Cooking times vary by cut: lamb shanks take about 2.5 hours, pork shoulder 3–4 hours, beef cheeks 3–4 hours, beef short ribs 4–5 hours. The meat is done when it offers no resistance to a fork or skewer inserted into the thickest part.

Building the braising liquid

The braising liquid becomes the sauce, so it must be flavourful from the start. Use stock as your base — always stock, never plain water, which produces a thin, insipid result. Add wine (red for red meat, white for pork and poultry) and aromatics: bay leaves, thyme, rosemary, and a strip of orange or lemon peel.

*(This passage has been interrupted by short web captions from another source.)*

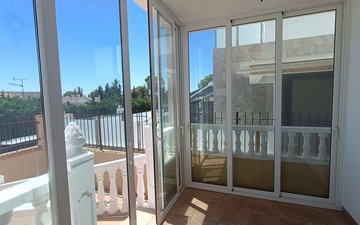 Property slide 32
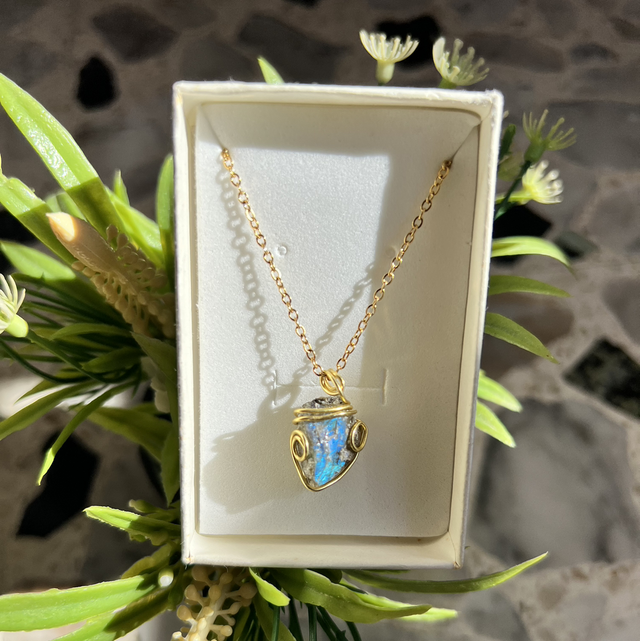 Labradorite squama blu Grezza , prov : Finlandia 🇫🇮, acciaio inox 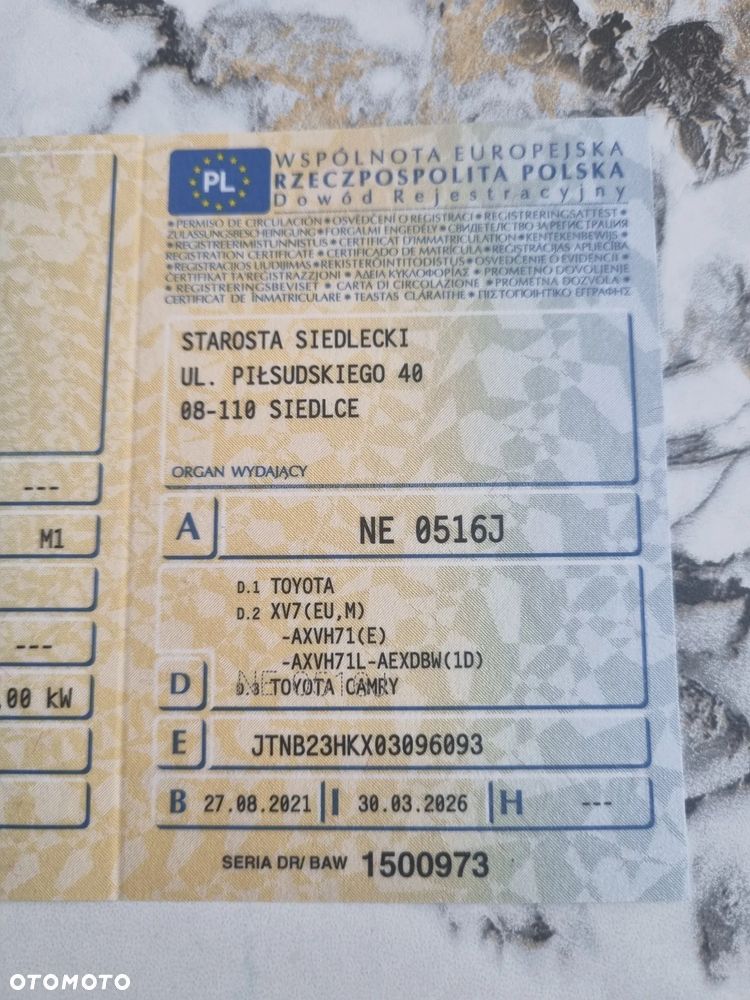 Toyota Camry 2.5 Hybrid Comfort CVT - 28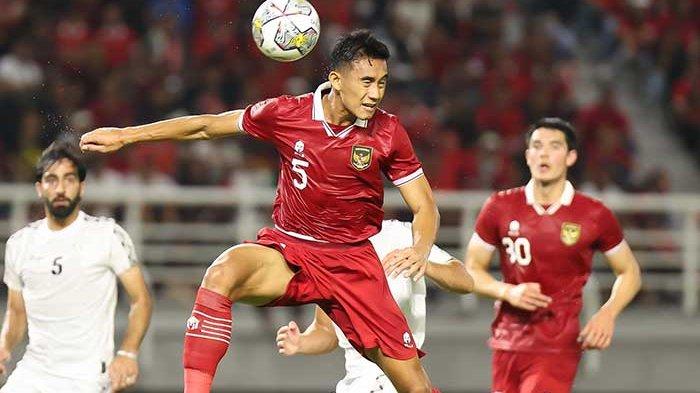 Bek Timnas Indonesia Rizky Ridho menghalau bola dengan tandukan kepala di laga lawan Palestina di FIFA Matchday di Stadion Gelora Bung Tomo, Surabaya, Rabu 14 Juni 2023. Total Football Timnas Indonesia Ditahan Seri Palestina, Erick Thohir Puji Trio Bek Shin Tae-yong Ini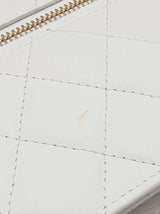 Chanel Mini Wallet On "Maxi Pearls" Chain In White Leather Fw1225srxdu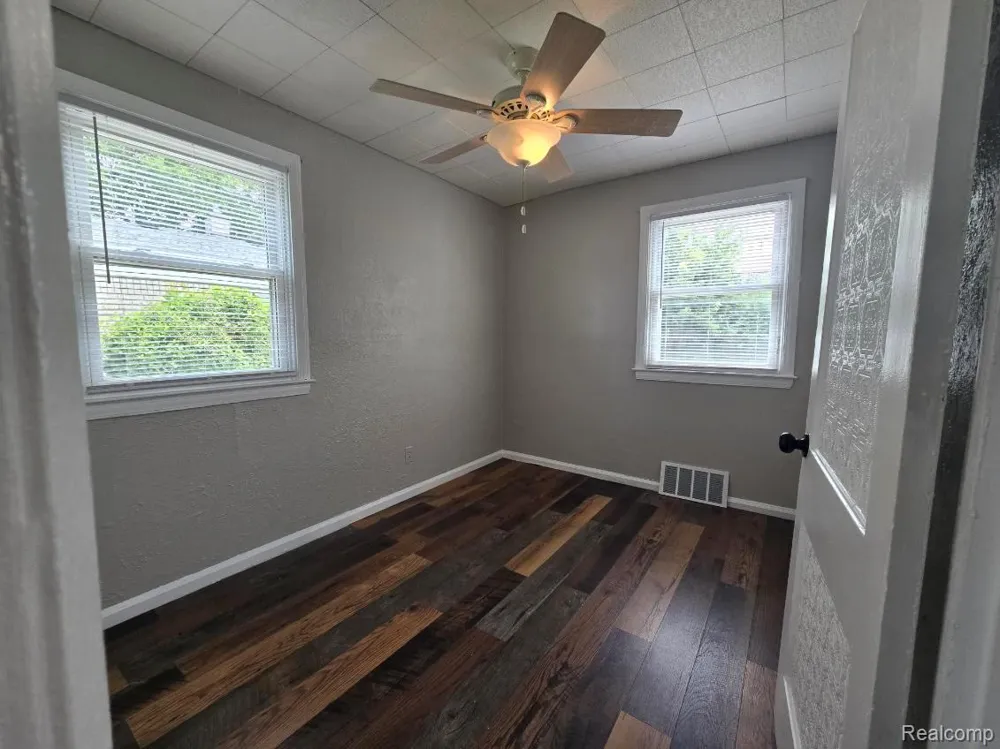 13009 Castle Street Southgate City, MI 48195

The liquid should come about halfway up the meat, not fully submerge it. The upper half cooks in steam, the lower half in liquid — together they cook the meat evenly from all directions.

The finishing touch

Once the meat is tender, remove it and strain the braising liquid into a wide saucepan. Skim off the fat from the surface, then reduce the liquid over high heat until it reaches a sauce-like consistency. Taste, adjust seasoning, and you have a sauce that carries every ounce of flavour from the entire cook.

For the best results, cool the braised meat in its liquid overnight in the refrigerator. The flavour deepens significantly, and the fat rises to the surface where it can be easily lifted off.

Braising rewards patience above all else. There is no shortcut, no hack, no workaround. You put time in and time gives you tenderness. Embrace the wait — it is always worth it.